I met a man from Kurdistan while serving as a chaplain’s assistant for the North Carolina National Guard in southern Iraq in 2009. He was working as a translator on one of the bases where I spent time. He assured me it would be OK to use his real name, but still, I don’t feel good about that risk. He was one of the most optimistic, positive people I have ever met. It can be a strange thing to meet someone who carries so much light with him in a place like that. The base was a grim place, all concrete walls and sun-blasted sand. The only thing growing was a patch of grass under a broken pipe outside one of the latrines. The local Iraqi folks and the soldiers were all tired, run-down, scared and angry. But this fellow wore his hope like a shield, his love of his home like cool shade.

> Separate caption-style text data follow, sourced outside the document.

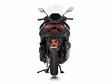 Akrapovic Slip-On Line (SS) Yamaha XMAX 125 2025 - Ljuddämpare - D508962 - 4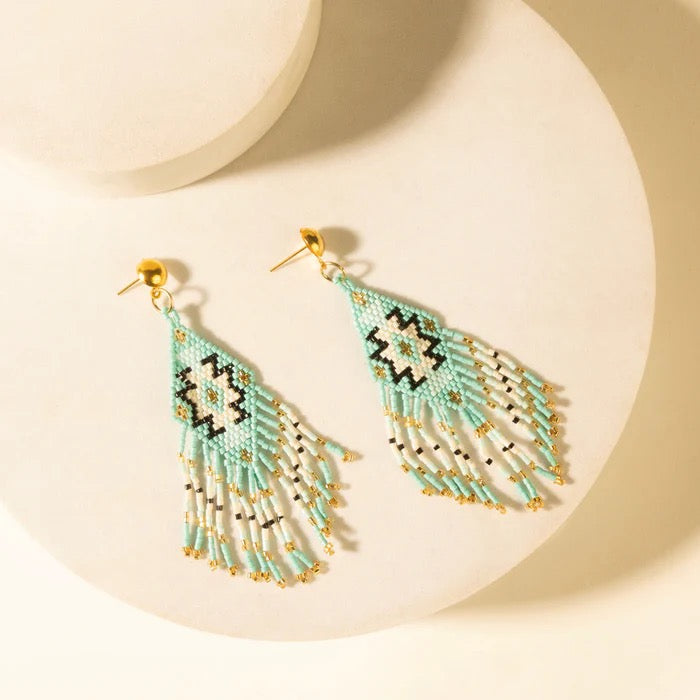 FRANNIE FAE EARRING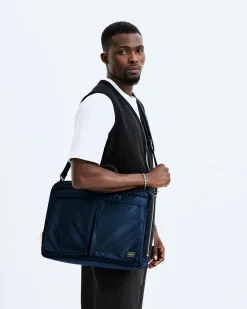 Porter 2Way Briefcase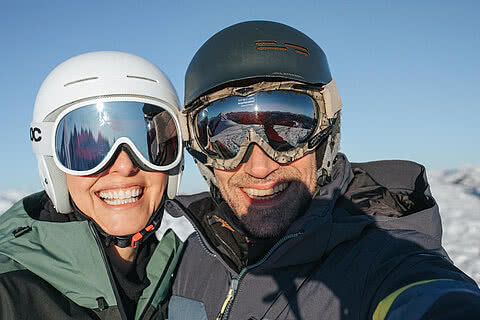 Skiurlaub in Großarl beim Hotel Tauernhof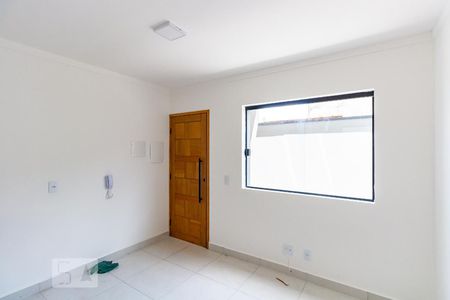 Sala de kitnet/studio para alugar com 2 quartos, 44m² em Vila Bela, São Paulo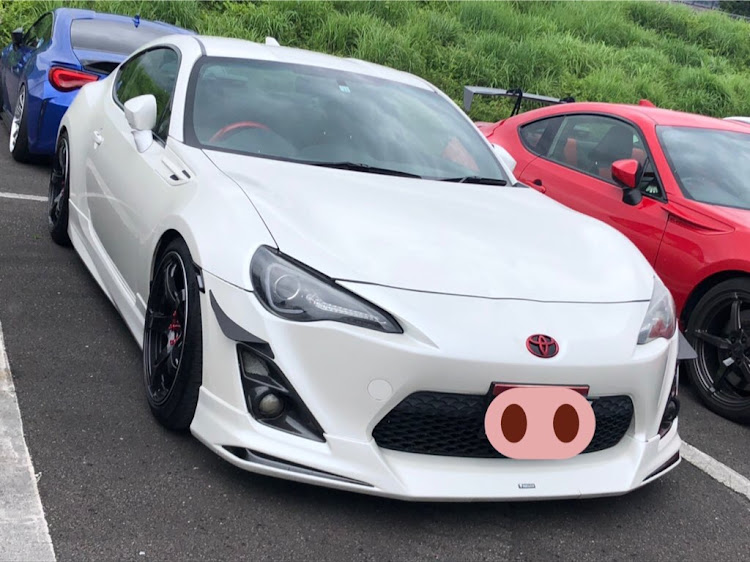 MRワゴンの86スタイル2021・富士スピードウェイ・フォロワーさんの86紹介・第2弾・Twitterフォロワーさんに関するカスタム事例の投稿画像10枚目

He would come to my office and tell me about the Kurdish people, his people, and about where he came from in Kurdistan. One day he noticed the icons I had hung up over my desk there. After taking a moment to admire them, he turned to me and asked if I was a Christian. I paused a moment and said I was, but tried to assure him that I had absolutely no problem with anyone else, that I thought everyone had the right to their own faith.

He saw my fluster and laughed and said, “Oh, no, please don’t worry. You know, one of my moms is a Christian.”

“One of your moms,” I said, just barely managing not to add, “That’s pretty progressive for this part of the world.”

He went on to explain that his father had two wives, and that they were his mothers. He loved them equally, he said.

I asked, “So, and it is entirely OK if you don’t want to answer, was it ever weird in your community have a Christian mother?”

He gave me a look and said, “Why wouldn’t it be OK? She’s my mom.”

Then he told me one of the most amazing stories I have ever heard.

There was a village near where he grew up in northern Iraq, and its population was predominately Muslim folks. They were having a problem with wild pigs eating their crops. It had reached a point where there were serious questions about hunger and how the community was going to survive.

There was another village about a mile up the road, and that one had a population that was predominately Christian. Many families had members in both places, and just about everyone knew everyone else, so they came up with a plan.

The two villages switched. The group of folks that was more comfortable eating pork moved a mile down the road the one way, and the group of folks who needed some crops moved the other. Both communities had their needs met, and after two years, when the wild pig population had been reduced significantly, everyone moved back home.

What touched me about the story was the way he told it, that he didn’t present it as a great victory of the human spirit or evidence that his people were all saints or better than some other group of people. Instead, he spoke about a situation where there was need, and the only reasonable response was to find a way to have that need met.

In a place like Iraq, a place torn apart by violence and destruction motivated by a series of feuds and injustices and acts of violence stretching back through so much of our species’ history, deciding to recognize the value of the other person, to work for their benefit no matter the politics or arguments or past hurts that might stand in the way, is as great a victory as I can imagine.

After 10 years of struggle with the pain, the fear and the insult of the 9/11 attacks, I hope that our nation is ready to find a way to recognize all of our mutual needs and be ready to be creative in a search for ways to meet those needs.

Sam Taylor, who recently moved to Jamaica Plain, served in the U.S. Army National Guard in 2003-2010 and was deployed to Iraq in 2009-10.